* [WHAT YOU ARE ASKED TO DO]
Only the stretch of the listing below that runs from the line with "Tapis salon poil" through the line with "Photo wall mounted" is to be printed, exactly and with both ends.

* [DATASET RECORDS]
════

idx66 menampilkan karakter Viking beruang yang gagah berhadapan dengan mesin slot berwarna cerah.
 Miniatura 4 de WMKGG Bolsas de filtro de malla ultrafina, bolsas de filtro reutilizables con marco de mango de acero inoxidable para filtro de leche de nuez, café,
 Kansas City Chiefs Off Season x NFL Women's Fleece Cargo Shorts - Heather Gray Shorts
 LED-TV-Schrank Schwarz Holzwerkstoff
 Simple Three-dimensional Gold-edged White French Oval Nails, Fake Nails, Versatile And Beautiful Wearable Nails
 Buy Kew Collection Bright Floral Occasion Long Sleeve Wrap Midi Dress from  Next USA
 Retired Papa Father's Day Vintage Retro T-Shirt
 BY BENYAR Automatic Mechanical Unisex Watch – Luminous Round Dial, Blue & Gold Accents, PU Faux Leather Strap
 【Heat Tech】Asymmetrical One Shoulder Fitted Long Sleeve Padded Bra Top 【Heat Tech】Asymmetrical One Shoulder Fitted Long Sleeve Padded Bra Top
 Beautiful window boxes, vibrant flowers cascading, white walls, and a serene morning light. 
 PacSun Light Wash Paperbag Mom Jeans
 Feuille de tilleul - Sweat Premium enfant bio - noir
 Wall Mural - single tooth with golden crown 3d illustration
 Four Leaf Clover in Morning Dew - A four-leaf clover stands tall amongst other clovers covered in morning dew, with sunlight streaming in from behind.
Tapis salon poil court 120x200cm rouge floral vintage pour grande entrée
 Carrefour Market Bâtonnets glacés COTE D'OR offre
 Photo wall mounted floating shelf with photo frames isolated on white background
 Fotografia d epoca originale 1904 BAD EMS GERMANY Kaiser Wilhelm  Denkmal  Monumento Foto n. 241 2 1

════

* [EXERCISE OUTPUT]
Tapis salon poil court 120x200cm rouge floral vintage pour grande entrée
 Carrefour Market Bâtonnets glacés COTE D'OR offre
 Photo wall mounted floating shelf with photo frames isolated on white background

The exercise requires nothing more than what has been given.